Entro en la escuela unos minutos antes de la hora acordada. Las secretarias me señalan la clase de mi hijo sin demasiado entusiasmo pero con una sonrisa en la boca. La puerta está abierta pero otra mamá está hablando con la profesora, quién al verme me dice un "enseguida acabamos." Al cabo de diez minutos, la profesora y la mamá se levantan de sus sillas y se dirigen sonrientes hacia la puerta que yo guardo con bravura. La mamá se despide y la profesora me mira, me saluda y me permite la entrada al recinto donde uno de mis hijos pasa gran parte del día, ese recinto que todos los padres esperamos que sea como un templo del saber, que infunda confianza, bienestar, seguridad y una entrada a la universidad a nuestros hijos. La susodicha clase no es para tanto, por supuesto, las sillas no son de medida adulta (aunque casi), y la profesora es una jovencita bienintencionada a la que debo respetar y valorar, puesto que ha conseguido el respeto y la valoración de mi hijo, que ahí es poco.
"¿alguna pregunta antes de empezar?"
Yo le respondo que no, que primero prefiero que ella me diga lo que piensa de mi hijo y yo ya comentaré después.
Y aquí empiezan los quince minutos sin menos puntos y comas que he escuchado en mi vida. La profesora respetada y valorada esgrime una serie de marcadores, tablas, gráficos y escritos para valorar a mi hijo según unas normas establecidas. Mire, esta es la media nacional, esta es la media de la escuela y su hijo se encuentra aquí, a nivel de lectura, y de matemáticas, y de...
Mientras yo intento encontrar el sentido a la primera gráfica, ella ya me enseña la segunda y la tercera. Compruebo casi sin pestañear que todo está muy bien argumentado, que estos números y estas estadísticas están muy bien valoradas por quien se precie de ser alguien en el ámbito educativo americano y que mi niño es un punto que va cambiando de situación dependiendo si se le está valorando en una u otra materia.

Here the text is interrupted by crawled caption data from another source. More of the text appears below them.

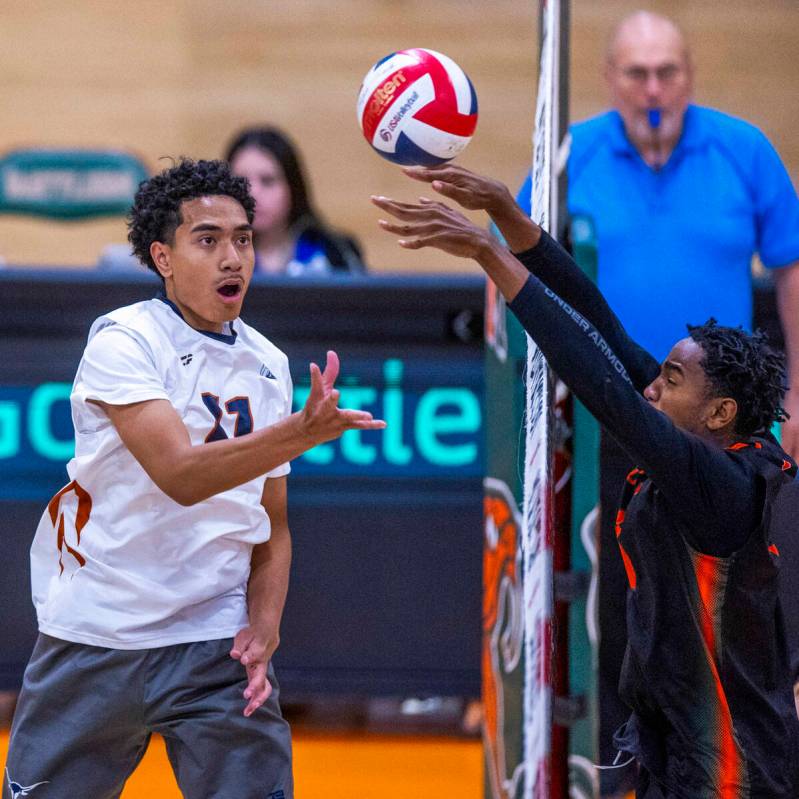 Legacy's Atlys Tapusoa (11) dinks the ball past a defection by Mojave's Jaion Richards (4) duri ...
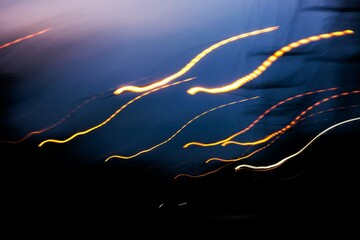 a blurry, colorful, and dynamic representation of a car's tail lights. The streaks of light create...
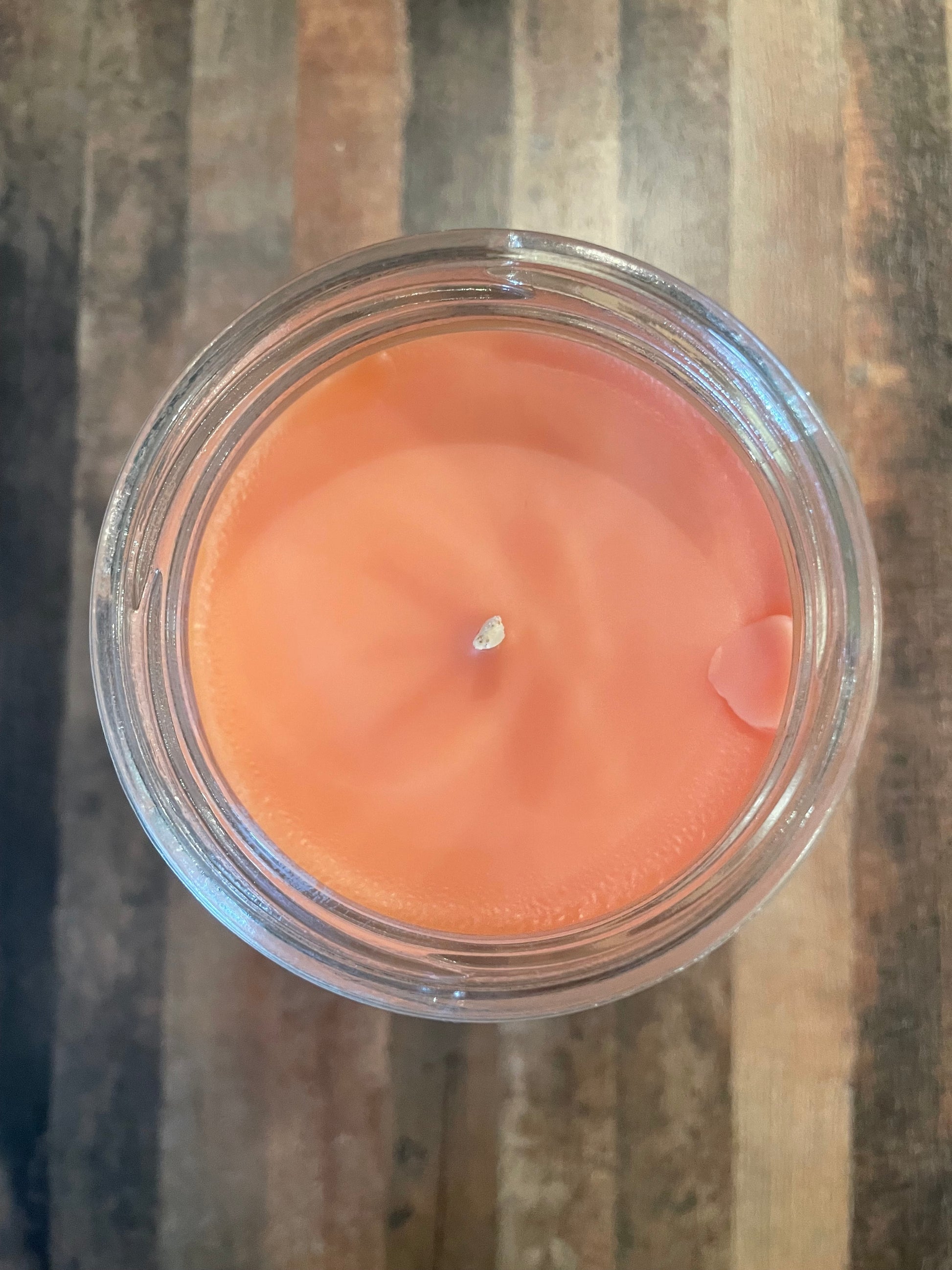 Orange candle in a clear glass jar on a wooden surface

Al acabar la retahila de frases sin signos de puntuación, la maestra mira hacia la puerta, donde otra madre ya asoma la cabeza.
Mis preguntas sobre si mi hijo se comporta bien en el aula, si tiene amigos, si es obediente y hace los deberes asignados en la clase se responden con un escueto "si" para acabar con un "es un placer tener a su hijo en clase", mientras se levanta y me obliga a levantarme con la mirada para llevarme casi de la mano hacia la salida e intercambiar lugares con la otra madre.
Han sido unos de los quince minutos más rápidos de toda mi vida, donde el tiempo para procesar toda la información es corto y donde el turno de preguntas y respuestas ha quedado en el aire.
Llego a casa y observo detenidamente a mi hijo. Está leyendo un libro. Sé que lo quiero con locura y que todas las estadísticas que acaban de mostrarme no me sirven para nada a la hora de valorarlo. Lo beso y dejo que continúe en su mundo, mientras me dispongo a preparar la cena. Intentaré usar el slow mode para compensar.
A la semana siguiente, durante la conferencia profesor-padre de mi otro hijo, la sensación es de dejà vu.